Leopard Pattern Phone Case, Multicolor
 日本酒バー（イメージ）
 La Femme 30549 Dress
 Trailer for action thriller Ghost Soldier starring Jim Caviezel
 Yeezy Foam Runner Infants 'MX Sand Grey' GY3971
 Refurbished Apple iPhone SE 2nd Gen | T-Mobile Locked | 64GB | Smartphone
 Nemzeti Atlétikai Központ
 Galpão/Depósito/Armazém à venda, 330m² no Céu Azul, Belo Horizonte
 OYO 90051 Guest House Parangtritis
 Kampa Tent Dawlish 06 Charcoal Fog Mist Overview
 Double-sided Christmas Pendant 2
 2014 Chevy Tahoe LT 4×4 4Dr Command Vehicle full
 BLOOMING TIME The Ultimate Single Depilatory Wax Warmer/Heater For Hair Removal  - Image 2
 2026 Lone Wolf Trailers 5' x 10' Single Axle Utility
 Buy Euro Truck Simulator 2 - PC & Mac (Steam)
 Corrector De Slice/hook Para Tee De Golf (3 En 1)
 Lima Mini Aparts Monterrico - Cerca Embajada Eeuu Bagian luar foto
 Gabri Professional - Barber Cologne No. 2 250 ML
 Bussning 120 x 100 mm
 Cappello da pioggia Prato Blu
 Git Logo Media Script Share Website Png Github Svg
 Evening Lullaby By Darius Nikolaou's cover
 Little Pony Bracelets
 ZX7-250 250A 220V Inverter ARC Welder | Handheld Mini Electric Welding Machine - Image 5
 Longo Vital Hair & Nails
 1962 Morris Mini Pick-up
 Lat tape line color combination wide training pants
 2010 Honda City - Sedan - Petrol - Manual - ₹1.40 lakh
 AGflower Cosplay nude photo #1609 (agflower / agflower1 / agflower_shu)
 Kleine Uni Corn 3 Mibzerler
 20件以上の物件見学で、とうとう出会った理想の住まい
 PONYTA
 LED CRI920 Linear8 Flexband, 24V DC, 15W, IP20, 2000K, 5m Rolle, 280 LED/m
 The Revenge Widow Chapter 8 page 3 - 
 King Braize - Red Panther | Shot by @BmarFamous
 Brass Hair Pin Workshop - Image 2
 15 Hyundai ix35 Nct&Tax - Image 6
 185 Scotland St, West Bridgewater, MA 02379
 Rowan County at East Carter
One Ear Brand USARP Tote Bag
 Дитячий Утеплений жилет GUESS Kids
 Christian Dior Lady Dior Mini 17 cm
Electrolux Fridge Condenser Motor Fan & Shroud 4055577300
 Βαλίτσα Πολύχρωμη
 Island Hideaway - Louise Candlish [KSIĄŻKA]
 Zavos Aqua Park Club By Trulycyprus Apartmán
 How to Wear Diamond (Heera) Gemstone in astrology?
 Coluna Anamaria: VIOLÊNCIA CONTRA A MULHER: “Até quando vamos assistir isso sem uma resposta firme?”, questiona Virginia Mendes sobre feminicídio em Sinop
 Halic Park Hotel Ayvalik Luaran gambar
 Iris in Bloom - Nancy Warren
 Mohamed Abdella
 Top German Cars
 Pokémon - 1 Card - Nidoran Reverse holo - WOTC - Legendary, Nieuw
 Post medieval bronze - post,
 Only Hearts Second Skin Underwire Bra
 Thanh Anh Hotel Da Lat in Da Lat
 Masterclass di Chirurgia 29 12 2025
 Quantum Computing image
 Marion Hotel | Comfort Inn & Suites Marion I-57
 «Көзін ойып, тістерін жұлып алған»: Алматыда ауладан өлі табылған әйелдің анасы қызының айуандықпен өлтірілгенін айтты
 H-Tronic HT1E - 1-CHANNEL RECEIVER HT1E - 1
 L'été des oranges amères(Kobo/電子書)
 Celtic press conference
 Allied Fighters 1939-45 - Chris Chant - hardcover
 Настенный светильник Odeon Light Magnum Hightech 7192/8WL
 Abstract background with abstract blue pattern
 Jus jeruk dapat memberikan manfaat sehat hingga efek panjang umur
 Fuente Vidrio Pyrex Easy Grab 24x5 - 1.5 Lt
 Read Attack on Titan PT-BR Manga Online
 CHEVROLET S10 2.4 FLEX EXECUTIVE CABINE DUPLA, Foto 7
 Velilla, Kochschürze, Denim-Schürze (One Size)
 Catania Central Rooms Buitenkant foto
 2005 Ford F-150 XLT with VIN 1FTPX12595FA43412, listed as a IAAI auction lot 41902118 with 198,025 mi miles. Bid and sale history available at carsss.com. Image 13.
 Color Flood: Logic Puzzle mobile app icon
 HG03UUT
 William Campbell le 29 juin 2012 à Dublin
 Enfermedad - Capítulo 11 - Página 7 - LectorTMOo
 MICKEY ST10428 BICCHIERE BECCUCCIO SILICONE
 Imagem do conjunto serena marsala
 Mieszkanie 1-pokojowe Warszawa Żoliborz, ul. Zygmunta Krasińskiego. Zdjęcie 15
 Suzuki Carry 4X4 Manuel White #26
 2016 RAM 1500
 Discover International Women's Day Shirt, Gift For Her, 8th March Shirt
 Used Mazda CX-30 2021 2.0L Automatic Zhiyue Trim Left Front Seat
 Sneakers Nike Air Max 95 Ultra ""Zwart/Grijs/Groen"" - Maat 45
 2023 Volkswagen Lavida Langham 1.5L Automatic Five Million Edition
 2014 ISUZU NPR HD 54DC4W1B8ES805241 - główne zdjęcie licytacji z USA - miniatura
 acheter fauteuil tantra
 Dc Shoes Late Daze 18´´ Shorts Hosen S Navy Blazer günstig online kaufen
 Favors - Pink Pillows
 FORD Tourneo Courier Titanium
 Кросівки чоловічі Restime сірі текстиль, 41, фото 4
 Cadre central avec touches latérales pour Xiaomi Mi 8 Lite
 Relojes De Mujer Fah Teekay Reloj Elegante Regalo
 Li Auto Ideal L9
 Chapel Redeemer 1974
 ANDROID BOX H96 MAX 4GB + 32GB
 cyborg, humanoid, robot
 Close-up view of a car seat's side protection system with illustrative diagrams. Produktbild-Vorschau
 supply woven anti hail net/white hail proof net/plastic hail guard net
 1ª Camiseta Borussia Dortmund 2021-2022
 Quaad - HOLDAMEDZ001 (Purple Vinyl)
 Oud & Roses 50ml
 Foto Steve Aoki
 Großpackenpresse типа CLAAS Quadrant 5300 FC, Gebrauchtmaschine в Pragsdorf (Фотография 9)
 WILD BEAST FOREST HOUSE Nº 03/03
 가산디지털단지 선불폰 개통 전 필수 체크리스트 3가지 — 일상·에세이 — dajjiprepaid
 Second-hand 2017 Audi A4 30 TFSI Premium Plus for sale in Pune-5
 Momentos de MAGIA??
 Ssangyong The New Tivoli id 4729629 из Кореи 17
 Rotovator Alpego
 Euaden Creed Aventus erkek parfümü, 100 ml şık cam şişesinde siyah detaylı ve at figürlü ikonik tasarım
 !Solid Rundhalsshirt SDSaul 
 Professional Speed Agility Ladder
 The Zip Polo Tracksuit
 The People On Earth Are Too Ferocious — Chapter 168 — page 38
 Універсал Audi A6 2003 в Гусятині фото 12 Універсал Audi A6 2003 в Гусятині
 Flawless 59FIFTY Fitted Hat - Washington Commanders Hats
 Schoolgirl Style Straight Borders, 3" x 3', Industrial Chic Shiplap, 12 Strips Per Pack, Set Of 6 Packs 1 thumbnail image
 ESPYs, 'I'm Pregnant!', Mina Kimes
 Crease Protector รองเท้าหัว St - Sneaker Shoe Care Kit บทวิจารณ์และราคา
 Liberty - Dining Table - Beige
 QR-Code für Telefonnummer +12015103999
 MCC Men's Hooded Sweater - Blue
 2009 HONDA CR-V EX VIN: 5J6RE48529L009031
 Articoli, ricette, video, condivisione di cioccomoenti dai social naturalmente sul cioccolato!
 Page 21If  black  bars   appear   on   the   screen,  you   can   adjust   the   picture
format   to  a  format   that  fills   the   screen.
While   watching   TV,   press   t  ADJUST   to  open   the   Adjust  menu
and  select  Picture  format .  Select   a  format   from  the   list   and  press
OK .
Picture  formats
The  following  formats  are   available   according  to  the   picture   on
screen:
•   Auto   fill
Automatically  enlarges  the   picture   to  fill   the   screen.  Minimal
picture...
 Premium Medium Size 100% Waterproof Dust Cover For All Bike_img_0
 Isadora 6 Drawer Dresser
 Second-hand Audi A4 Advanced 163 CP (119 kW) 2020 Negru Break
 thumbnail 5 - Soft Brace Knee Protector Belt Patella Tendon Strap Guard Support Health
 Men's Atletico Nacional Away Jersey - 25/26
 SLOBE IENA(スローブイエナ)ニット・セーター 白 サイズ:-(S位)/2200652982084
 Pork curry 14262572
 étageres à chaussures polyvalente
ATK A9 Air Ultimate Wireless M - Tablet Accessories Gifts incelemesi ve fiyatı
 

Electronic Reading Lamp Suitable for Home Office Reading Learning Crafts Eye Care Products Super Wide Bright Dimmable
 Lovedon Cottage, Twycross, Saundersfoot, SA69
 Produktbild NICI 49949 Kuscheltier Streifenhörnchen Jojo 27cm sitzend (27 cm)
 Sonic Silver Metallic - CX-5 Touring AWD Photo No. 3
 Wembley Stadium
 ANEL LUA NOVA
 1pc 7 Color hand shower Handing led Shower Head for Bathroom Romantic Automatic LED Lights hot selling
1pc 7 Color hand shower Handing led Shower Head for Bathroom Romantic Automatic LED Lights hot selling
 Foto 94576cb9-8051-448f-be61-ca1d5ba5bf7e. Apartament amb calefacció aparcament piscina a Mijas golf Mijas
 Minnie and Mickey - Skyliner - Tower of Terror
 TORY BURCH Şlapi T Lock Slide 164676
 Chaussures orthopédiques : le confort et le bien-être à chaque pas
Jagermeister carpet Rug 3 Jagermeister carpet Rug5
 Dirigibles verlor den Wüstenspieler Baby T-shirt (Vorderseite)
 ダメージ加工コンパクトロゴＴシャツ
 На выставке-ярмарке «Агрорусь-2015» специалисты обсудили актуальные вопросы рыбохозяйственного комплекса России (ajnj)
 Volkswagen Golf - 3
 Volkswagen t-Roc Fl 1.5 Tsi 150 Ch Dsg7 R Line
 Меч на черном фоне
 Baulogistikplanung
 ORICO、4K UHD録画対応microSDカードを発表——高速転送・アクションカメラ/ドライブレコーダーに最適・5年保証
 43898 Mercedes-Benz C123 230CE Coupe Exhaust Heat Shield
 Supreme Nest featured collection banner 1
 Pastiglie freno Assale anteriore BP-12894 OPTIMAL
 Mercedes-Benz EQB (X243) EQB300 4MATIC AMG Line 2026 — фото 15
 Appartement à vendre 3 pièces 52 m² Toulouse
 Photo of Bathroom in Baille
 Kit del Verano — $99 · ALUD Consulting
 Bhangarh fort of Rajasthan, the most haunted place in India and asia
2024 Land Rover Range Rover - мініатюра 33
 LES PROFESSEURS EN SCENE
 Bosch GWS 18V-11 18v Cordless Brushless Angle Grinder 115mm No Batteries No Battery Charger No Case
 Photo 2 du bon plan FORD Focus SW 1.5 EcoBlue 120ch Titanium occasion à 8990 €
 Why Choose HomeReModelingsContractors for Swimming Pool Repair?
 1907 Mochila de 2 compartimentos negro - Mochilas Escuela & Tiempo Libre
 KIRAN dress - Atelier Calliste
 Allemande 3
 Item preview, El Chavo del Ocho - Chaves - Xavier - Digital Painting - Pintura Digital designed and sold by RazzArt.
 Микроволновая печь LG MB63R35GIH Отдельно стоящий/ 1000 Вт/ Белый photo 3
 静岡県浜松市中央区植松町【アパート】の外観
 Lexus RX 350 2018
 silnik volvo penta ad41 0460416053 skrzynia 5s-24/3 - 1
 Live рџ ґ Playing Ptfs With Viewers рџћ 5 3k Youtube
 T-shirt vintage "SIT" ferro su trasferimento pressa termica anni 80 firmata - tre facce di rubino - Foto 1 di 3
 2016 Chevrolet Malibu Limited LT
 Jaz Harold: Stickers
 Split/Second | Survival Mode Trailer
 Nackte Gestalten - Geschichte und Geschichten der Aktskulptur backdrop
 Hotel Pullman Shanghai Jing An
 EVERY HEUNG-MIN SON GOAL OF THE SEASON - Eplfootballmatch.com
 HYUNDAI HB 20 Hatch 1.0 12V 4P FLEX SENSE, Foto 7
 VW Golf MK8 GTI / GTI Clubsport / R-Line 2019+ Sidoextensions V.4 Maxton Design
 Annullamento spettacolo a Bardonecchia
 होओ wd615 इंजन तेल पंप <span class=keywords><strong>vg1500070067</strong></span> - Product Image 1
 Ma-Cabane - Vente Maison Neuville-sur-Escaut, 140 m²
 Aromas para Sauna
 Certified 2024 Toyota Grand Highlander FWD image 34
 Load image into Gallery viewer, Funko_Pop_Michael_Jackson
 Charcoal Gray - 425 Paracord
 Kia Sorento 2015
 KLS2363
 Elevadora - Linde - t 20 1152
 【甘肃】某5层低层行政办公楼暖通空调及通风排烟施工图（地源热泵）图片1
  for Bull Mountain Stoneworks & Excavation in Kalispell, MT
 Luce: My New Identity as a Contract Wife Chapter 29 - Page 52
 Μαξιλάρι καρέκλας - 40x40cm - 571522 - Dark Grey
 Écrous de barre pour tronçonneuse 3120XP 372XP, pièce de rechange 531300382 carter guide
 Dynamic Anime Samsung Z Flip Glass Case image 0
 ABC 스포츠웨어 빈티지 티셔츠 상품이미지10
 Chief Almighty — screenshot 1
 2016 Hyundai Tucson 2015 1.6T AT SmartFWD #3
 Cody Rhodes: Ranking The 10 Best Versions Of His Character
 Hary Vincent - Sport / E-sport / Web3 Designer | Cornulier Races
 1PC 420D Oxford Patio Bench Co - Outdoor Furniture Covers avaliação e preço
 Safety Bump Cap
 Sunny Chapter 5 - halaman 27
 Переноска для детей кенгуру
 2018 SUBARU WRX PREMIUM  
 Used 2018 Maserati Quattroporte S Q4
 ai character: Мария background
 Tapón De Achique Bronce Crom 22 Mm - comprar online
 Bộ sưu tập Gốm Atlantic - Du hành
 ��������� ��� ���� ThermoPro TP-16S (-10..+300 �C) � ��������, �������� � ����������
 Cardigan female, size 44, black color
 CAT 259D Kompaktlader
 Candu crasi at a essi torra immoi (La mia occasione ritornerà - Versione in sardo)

####

Begin at the line above that has "Halic Park Hotel Ayvalik Luaran gambar" and stop after the line that has "Quantum Computing image", copying each line exactly and adding nothing else.

> **COMPLETED EXERCISE**:
 Halic Park Hotel Ayvalik Luaran gambar
 Iris in Bloom - Nancy Warren
 Mohamed Abdella
 Top German Cars
 Pokémon - 1 Card - Nidoran Reverse holo - WOTC - Legendary, Nieuw
 Post medieval bronze - post,
 Only Hearts Second Skin Underwire Bra
 Thanh Anh Hotel Da Lat in Da Lat
 Masterclass di Chirurgia 29 12 2025
 Quantum Computing image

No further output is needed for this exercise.